Proteins of the PABPC family perform important functions in vertebrate cells [18, 19, 25]. Despite the presence of PABPC1, depletion of mouse PABPC4/iPABPC results in a change of the steady-state levels of some erythroid mRNAs, leading to inhibition of terminal erythroid maturation [19]. Female mice lacking germ line-specific PABPC1L/ePABPC are infertile; the oocytes fail to mature because protein synthesis is impaired by the abrogated cytoplasmic polyadenylation of maternal mRNAs [18, 26]. The oogenesis-specific defects in the PABPC1L/ePABPC-null mice may be explained by the absence of PABPC1 until four-cell embryos [27], although male germ cells contain both PABPC1 and PABPC1L/ePABPC [28]. As described above, PABPC1 and PABPC2 are both present in pachytene spermatocytes and round spermatids [17]. Thus, even if PABPC2 is involved in the translational mechanism, the loss of PABPC2 in Pabpc2–/– spermatogenic cells may be compensated by PABPC1, as in PABPC1L/ePABPC-null spermatogenic cells.

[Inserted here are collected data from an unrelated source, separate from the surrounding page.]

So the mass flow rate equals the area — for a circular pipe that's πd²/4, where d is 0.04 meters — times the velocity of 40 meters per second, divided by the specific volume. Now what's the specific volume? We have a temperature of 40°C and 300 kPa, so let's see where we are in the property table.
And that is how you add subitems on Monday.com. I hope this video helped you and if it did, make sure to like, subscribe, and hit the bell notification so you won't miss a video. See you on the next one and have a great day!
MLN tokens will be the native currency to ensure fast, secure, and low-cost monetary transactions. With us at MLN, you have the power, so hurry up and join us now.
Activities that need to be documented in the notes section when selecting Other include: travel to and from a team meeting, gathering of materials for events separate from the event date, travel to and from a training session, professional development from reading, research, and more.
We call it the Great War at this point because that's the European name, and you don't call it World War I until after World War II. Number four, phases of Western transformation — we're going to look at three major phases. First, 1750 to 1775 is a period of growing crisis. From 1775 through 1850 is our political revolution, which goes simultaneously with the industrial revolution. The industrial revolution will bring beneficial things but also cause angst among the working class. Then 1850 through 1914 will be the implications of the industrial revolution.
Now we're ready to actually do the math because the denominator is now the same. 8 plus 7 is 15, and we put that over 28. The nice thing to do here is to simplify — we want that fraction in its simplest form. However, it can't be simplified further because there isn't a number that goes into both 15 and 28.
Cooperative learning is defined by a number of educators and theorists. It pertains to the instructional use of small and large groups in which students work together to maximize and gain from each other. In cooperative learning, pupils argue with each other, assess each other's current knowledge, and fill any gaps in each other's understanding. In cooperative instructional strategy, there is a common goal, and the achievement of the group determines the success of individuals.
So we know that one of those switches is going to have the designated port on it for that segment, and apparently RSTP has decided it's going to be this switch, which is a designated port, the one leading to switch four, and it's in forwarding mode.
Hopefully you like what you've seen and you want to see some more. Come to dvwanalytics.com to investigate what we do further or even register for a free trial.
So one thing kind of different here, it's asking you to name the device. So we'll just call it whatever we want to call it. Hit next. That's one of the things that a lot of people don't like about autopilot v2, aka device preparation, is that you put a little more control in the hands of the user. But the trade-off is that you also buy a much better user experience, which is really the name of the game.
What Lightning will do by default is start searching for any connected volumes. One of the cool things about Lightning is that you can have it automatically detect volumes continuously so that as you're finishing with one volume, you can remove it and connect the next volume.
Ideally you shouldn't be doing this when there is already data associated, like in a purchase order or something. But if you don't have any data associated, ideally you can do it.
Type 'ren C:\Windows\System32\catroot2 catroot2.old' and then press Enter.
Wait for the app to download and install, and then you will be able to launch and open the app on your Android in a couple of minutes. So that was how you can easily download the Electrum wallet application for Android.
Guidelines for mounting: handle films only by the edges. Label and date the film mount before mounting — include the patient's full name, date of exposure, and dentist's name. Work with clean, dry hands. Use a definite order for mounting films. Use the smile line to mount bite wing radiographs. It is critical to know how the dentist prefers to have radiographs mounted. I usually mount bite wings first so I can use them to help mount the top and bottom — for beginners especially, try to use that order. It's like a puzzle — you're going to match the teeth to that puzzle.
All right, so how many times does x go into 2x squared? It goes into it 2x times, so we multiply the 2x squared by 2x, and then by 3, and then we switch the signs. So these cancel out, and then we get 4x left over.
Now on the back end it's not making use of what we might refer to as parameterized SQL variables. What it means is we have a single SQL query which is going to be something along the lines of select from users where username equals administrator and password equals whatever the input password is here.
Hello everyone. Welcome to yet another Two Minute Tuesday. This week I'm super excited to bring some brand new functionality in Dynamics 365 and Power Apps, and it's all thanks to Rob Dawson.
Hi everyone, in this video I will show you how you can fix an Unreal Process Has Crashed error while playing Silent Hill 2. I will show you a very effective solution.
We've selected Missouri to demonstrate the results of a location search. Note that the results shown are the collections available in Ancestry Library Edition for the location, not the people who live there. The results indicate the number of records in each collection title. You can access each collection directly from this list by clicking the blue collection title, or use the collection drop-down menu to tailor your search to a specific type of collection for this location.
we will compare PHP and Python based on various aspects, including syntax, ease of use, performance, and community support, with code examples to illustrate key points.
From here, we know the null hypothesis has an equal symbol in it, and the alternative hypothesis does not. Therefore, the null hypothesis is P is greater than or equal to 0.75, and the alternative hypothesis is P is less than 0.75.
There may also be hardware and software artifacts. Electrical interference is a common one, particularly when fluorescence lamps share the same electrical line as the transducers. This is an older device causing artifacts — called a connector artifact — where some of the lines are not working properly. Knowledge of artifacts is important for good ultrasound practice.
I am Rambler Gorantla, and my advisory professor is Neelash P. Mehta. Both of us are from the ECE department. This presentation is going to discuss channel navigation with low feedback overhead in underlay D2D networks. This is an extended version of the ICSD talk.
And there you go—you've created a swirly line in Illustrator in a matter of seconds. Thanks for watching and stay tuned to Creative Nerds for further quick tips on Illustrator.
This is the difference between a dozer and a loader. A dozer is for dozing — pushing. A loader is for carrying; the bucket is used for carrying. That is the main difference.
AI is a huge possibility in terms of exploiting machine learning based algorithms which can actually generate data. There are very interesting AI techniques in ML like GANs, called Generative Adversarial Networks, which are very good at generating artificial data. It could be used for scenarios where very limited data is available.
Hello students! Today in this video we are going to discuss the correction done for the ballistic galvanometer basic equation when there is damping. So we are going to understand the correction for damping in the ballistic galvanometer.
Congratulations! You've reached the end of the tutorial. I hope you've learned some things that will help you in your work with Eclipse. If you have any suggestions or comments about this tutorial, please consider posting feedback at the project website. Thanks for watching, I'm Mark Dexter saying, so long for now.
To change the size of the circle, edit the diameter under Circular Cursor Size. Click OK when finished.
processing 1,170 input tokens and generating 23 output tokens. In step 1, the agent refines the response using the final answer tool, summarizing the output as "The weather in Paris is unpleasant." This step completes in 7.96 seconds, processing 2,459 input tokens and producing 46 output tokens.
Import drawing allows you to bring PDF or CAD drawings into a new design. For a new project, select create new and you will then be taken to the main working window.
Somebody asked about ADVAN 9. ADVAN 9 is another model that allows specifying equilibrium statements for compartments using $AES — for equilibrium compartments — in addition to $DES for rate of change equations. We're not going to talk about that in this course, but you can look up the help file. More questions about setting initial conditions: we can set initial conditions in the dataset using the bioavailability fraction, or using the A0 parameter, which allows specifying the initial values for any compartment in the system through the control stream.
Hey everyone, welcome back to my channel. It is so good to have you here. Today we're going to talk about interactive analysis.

A puzzling question is why functionally redundant Pabpc2 is expressed in spermatogenic cells. Intronless genes that are specifically expressed in testes, including Pabpc2, have arisen from intron-containing progenitor genes by retroposition [23, 29, 30]. It is noteworthy that the retroposition from the X-linked genes has been suggested to be necessary as a compensation mechanism for depletion of somatic isoforms caused by meiotic X chromosome inactivation during spermatogenesis [31]. Indeed, inactivation of genes encoding polyadenylation factor CSTF2T/τCstF-64 or centriole protein CETN1 (centrin 1) results in the spermatogenic arrest [32, 33]. In contrast, Pabpc2 is believed to be retroposed from autosomal Pabpc1 [23]. One possible explanation for the exclusive expression of Pabpc2 in spermatogenic cells may be transcriptional promiscuity induced by a high concentration of RNA polymerase II holoenzyme in meiotic and early haploid cells; this state of affairs may enable transcription from the gene promoters inactive in other cells [23, 34, 35]. A similar scenario may be applicable to intronless Pabpc3/tPabp exclusively expressed in primate testes [36].